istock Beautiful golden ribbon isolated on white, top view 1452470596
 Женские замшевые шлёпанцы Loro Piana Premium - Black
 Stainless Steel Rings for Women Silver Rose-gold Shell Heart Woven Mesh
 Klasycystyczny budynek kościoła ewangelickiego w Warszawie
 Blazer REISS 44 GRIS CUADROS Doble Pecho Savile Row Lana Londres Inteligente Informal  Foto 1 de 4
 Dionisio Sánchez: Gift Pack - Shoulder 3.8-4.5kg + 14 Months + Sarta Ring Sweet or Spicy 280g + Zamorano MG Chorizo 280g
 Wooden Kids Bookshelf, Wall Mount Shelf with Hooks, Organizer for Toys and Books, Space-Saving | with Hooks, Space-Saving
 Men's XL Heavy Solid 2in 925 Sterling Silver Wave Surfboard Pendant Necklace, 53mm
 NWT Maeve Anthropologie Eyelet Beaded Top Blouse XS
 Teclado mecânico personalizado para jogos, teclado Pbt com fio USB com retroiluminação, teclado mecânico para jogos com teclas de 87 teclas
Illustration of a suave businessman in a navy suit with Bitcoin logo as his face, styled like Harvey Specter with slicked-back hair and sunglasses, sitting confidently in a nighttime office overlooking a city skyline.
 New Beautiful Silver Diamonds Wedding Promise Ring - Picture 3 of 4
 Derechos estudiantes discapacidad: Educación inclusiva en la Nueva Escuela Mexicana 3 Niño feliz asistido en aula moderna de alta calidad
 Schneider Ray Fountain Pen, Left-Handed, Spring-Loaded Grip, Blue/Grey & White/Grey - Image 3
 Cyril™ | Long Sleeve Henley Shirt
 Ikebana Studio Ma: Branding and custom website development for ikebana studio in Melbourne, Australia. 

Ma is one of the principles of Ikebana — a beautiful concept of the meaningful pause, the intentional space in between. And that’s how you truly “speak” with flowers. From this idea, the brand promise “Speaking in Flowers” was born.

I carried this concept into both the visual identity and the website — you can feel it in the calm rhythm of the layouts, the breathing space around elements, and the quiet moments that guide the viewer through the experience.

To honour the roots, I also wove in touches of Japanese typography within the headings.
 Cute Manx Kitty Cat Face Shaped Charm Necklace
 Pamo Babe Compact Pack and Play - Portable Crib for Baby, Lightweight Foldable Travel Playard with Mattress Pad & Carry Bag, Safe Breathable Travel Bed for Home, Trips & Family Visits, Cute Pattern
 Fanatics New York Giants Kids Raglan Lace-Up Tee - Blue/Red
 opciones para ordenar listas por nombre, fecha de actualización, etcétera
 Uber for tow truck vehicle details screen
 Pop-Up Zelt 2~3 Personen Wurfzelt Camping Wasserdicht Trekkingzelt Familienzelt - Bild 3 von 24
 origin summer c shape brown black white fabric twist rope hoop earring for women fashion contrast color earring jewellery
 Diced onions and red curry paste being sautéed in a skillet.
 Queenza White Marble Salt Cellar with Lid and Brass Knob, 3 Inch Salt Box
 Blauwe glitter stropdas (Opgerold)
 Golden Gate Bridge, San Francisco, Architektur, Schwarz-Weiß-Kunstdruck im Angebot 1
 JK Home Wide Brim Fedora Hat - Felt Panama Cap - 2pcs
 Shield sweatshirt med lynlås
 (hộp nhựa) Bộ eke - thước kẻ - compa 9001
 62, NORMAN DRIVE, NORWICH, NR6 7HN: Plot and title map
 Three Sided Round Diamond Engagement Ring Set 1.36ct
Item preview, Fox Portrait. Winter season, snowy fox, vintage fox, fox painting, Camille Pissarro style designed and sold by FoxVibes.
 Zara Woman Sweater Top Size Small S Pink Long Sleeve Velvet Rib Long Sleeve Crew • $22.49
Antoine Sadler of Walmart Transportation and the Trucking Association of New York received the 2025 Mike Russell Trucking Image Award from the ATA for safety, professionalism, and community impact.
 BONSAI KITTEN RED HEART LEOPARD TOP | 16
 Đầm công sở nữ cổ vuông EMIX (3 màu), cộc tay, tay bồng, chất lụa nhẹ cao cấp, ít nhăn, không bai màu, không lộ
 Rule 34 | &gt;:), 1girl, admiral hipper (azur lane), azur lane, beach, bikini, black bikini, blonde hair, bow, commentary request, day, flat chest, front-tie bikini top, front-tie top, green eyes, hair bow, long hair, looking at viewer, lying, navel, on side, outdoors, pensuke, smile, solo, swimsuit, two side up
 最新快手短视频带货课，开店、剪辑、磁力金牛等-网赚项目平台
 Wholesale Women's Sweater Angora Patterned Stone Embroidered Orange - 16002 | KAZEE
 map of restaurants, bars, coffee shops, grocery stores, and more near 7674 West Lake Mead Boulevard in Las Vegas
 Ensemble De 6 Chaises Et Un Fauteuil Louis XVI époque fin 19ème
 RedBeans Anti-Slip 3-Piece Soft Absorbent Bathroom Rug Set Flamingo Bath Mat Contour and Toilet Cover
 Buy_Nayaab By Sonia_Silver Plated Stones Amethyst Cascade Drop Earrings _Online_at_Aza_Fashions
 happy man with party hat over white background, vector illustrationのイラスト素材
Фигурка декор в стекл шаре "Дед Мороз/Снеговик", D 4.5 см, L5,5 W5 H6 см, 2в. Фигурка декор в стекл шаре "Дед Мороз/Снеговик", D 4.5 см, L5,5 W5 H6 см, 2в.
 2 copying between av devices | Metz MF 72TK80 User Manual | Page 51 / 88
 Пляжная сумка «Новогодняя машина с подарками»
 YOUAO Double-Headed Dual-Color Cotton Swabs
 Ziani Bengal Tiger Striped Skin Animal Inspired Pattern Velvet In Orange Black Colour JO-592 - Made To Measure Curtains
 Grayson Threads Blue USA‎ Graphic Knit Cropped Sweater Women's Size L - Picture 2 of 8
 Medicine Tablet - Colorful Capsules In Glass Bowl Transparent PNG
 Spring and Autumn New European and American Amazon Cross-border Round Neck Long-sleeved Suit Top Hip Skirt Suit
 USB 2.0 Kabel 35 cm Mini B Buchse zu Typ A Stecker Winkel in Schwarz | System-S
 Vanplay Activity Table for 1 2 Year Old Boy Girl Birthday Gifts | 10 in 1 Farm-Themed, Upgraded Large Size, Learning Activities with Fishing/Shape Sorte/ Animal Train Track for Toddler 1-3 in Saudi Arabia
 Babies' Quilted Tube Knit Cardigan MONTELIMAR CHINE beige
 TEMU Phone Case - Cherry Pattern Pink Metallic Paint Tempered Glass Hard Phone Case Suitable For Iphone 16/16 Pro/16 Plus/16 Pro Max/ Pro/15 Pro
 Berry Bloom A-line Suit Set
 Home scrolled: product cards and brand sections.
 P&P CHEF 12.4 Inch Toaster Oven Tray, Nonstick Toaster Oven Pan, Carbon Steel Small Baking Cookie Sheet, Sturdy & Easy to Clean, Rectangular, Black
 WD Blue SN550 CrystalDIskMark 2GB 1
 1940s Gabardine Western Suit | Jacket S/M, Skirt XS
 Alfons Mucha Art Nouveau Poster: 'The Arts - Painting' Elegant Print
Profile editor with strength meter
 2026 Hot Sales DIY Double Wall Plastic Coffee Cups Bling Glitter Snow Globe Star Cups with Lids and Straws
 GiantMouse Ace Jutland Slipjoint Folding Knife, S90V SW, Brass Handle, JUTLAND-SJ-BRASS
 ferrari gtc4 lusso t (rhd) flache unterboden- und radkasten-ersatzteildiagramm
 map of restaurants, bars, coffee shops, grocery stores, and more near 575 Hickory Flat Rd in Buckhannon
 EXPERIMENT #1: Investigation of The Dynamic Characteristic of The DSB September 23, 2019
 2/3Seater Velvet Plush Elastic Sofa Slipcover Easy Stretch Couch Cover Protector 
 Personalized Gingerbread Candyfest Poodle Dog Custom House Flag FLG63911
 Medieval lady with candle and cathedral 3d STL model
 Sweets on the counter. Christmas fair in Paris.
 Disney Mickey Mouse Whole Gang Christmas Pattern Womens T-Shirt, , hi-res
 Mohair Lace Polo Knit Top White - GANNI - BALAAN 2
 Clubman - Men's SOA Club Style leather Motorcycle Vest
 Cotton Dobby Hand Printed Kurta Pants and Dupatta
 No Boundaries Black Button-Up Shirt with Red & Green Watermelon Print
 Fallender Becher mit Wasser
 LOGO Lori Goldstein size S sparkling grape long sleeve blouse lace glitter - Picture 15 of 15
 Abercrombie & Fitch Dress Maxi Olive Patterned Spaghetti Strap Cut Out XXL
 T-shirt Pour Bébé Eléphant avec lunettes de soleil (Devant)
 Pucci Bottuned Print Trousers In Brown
•••
> **Your assignment**:
Your answer must be a copy of every line in the data above that holds the string "website".

> **Result for this exercise**:
 Ikebana Studio Ma: Branding and custom website development for ikebana studio in Melbourne, Australia. 
I carried this concept into both the visual identity and the website — you can feel it in the calm rhythm of the layouts, the breathing space around elements, and the quiet moments that guide the viewer through the experience.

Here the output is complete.